Test: Uses the tests and the test script we wrote in part one to perform unit tests.
Production: Pushes your application image to your Kubernetes Cluster.
Performance: tests the performance of your application while it is in production.
You can select any one of these objects in the graph and have a look at what it did.
Select the Production object:
Towards the bottom, you should be able to see the URL of your application:
Test API
Running this python script will send the payload to be classified by the API. It will send a response back.
import requests
# set the request URL
url = 'http://seancarey-notebook-to-production.167-172-10-248.nip.io/api'
# text to be classified by the model
payload = {"text": "The world's richest 1% have over twice the wealth of 6.9 billion people. \
The planet will not be secure or peaceful when so few have so much and so many have so little.."}
# send request
# set verify=False while we are waiting for the certificate to be issued
res = requests.post(url, json=payload, verify=False)
# extract response json
data = res.json()
# print the model response
print(data)
The model predicts that the text represented by the payload variable is 94% Liberal. That isn’t a surprise as it is from the twitter account of Senator Bernie Sanders.

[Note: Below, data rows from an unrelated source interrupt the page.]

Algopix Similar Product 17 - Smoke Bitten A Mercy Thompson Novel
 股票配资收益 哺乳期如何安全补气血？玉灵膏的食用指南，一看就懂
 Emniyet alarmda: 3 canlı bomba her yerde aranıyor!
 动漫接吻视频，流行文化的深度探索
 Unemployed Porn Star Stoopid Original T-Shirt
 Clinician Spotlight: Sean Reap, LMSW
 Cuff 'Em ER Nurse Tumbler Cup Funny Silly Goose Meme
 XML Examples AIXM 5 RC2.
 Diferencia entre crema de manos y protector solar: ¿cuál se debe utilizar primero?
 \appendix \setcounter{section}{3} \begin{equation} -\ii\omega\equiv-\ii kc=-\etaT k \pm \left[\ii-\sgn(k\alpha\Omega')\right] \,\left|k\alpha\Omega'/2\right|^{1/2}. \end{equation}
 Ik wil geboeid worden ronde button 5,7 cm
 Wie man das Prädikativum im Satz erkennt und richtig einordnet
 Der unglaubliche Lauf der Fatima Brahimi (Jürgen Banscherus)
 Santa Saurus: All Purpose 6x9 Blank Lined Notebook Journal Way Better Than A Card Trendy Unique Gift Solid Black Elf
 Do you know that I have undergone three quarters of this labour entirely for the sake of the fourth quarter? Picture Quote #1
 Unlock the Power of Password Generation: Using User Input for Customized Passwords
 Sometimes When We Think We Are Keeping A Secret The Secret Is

{'percent_in_class': 94.0, 'predicted_class': 'Liberal'}
Test Horizontal Pod Auto-Scaling
Kubernetes runs the flask application in a pod. Each pod contains one instance of the application. Using the Horizontal Pod Auto-Scaling feature of we can have the Cluster automatically add more pods of the app when the load increases to a certain level. We already set that feature up in when we created the auto-deploy-values.yaml
file.
deploymentApiVersion: apps/v1
hpa:
enabled: true
minReplicas: 1
maxReplicas: 10
targetCPUUtilizationPercentage: 80
resources:
limits:
cpu: 500m
requests:
cpu: 200m
This configuration tells the cluster that we want to keep the CPU utilization below 80%. Kubernetes will deploy copies of the application to make sure the average CPU utilization of each pod is below 80%.
Let’s test the HPA configuration applied to this cluster.
First, get the namespace of your application. Kubernetes separates each deployment into separate namespaces as a way to keep different projects and users separated.
Enter this command in your command line to get a list of all of the namespaces on your cluster.
kubectl get namespace
The namespace for my application is notebook-to-production-18371327-production
The HPA policy for a namespace can be viewed by sending the command:
kubectl view hpa --namespace=<YOUR NAME SPACE>
You can see that the current load is 0%, the Target load is 80%. The minimum number of pods is 1, the maximum number of pods is 10. Currently, only one Pod is running.
To simulate a heavy load, I will run this script in four terminals for a few minutes and see if HPA is working.
As the load increases, we should see the number of Replicas (copies of pods) change go up.
import requests
i = 1
while i < 10000:
url = 'https://seancarey-notebook-to-production.167-172-10-248.nip.io/api'
payload = {"text": "The world's richest 1% have over twice the wealth of 6.9 billion people. \
The planet will not be secure or peaceful when so few have so much and so many have so little.."}
res = requests.post(url, json=payload, verify=False)
data = res.json()
print(data)
i += 1
The load quickly increases to 250%:
The cluster responds by adding three more pods of the application, notice the replica count is now 4. This brings the average CPU use below 80%:
As we remove the load, Kubernetes will eventually scale back down to the minimum number of pods set in the HPA configuration.
Wrap up
Now that we have GitLab deploying the application for us, all we need to worry about is out code. Anytime we push a code change to the Master branch of the repository, GitLab will push a new version of the application to replace the old one. You do not have to worry about building, testing, or deploying your application anymore.
Data Scientists can no longer live exclusively in their Jupyter Notebooks. Increasingly, employers expect a basic level of familiarity with DevOps and CICD practices. Why not add more skills to your toolbox and make your self more marketable. Broadening your technical toolset outside of your comfort zone is just as important as honing your soft skills.